* [YOUR ASSIGNMENT] Retype exactly the lines below, starting with the line that contains "MOBILHOME 6 personas - MH2 32m² (32m²)" and ending with the last line; leave out any pictures.
^^^^^^^^^^^^^^^^
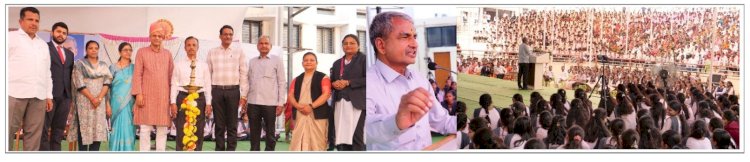 विद्यार्थ्यांच्या हिताच्या बाबी पालकांनी ओळखाव्यात - प्राचार्य डॉ.बी.पी. रोंगे..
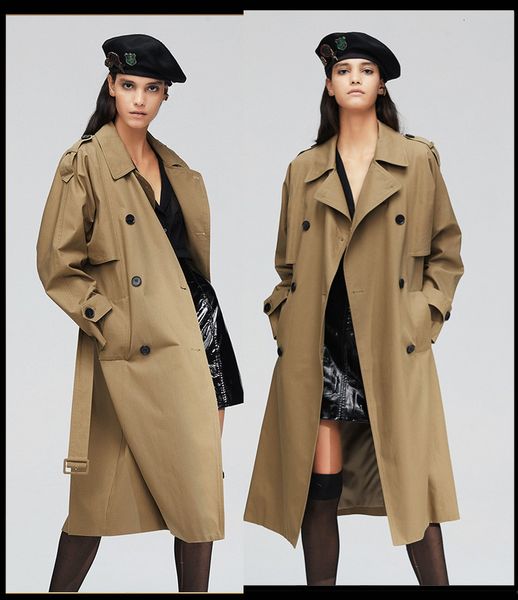 casual dresses classic women trench coat 2021 autumn/winter angllateral style trespassed windbreaker from the coating of wind-facing, Black;gray
casual dresses classic women trench coat 2021 autumn/winter angllateral style trespassed windbreaker from the coating of wind-facing, Black;gray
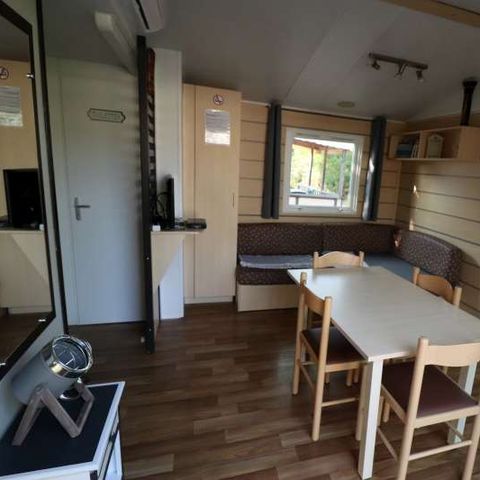 MOBILHOME 6 personas - MH2 32m² (32m²)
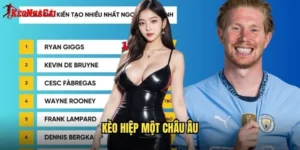 kèo hiệp một châu âu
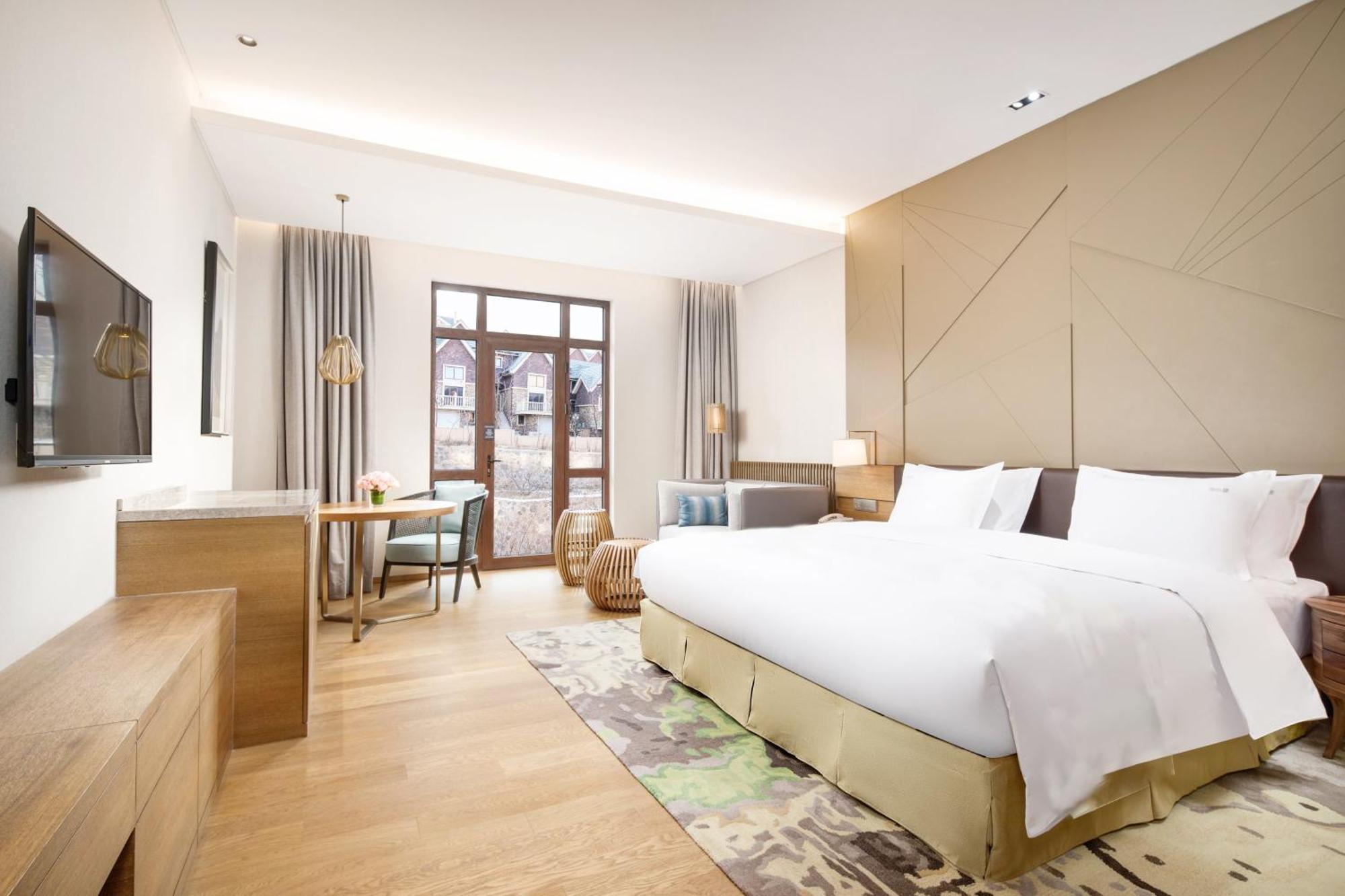 Holiday Inn Resort Zhangjiakou Chongli, An Ihg Hotel Bagian luar foto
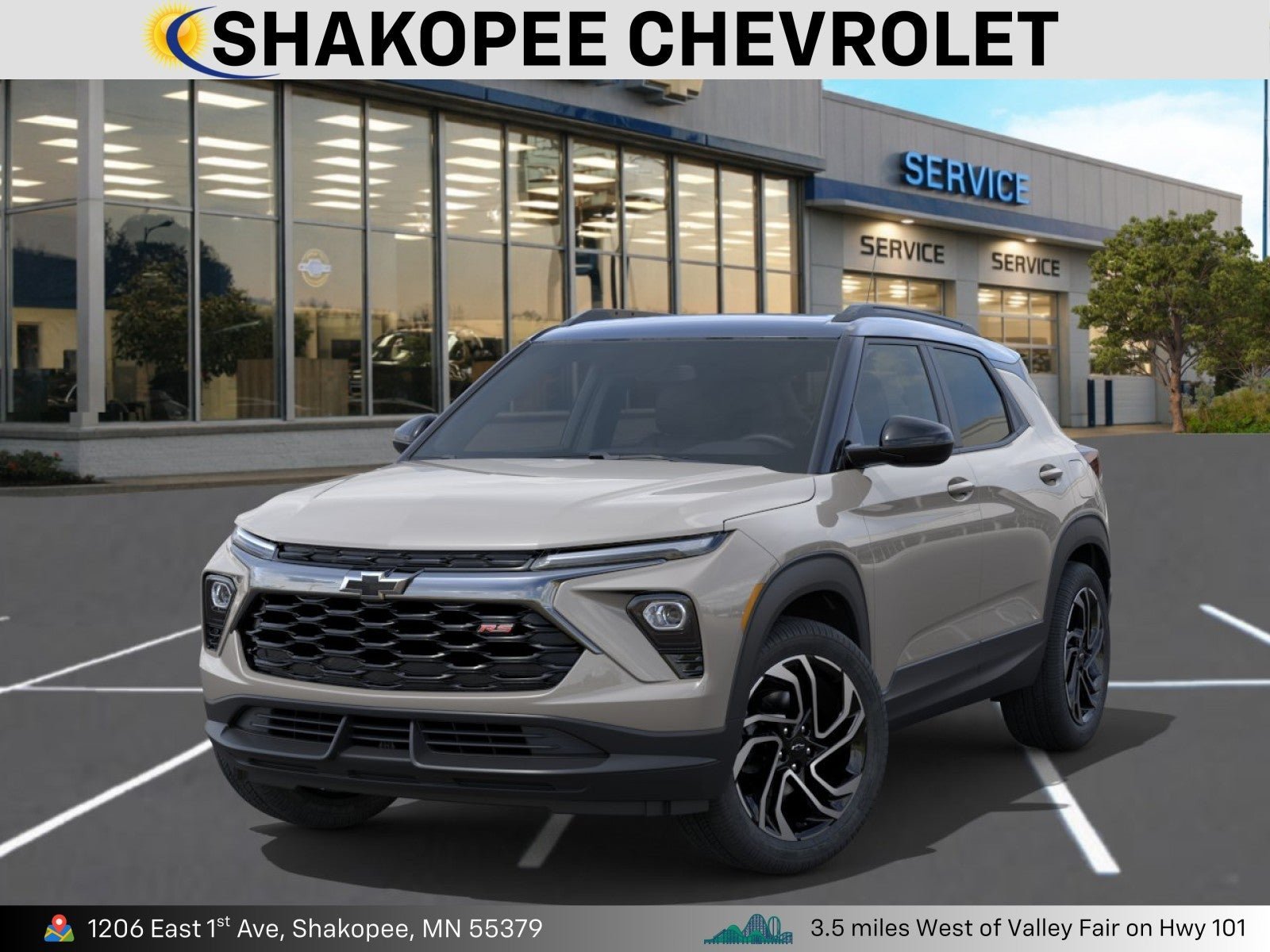 New 2026 White Sands Chevrolet RS image 26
^^^^^^^^^^^^^^^^
* [SOLUTION BELOW]
 MOBILHOME 6 personas - MH2 32m² (32m²)
 kèo hiệp một châu âu
 Holiday Inn Resort Zhangjiakou Chongli, An Ihg Hotel Bagian luar foto
 New 2026 White Sands Chevrolet RS image 26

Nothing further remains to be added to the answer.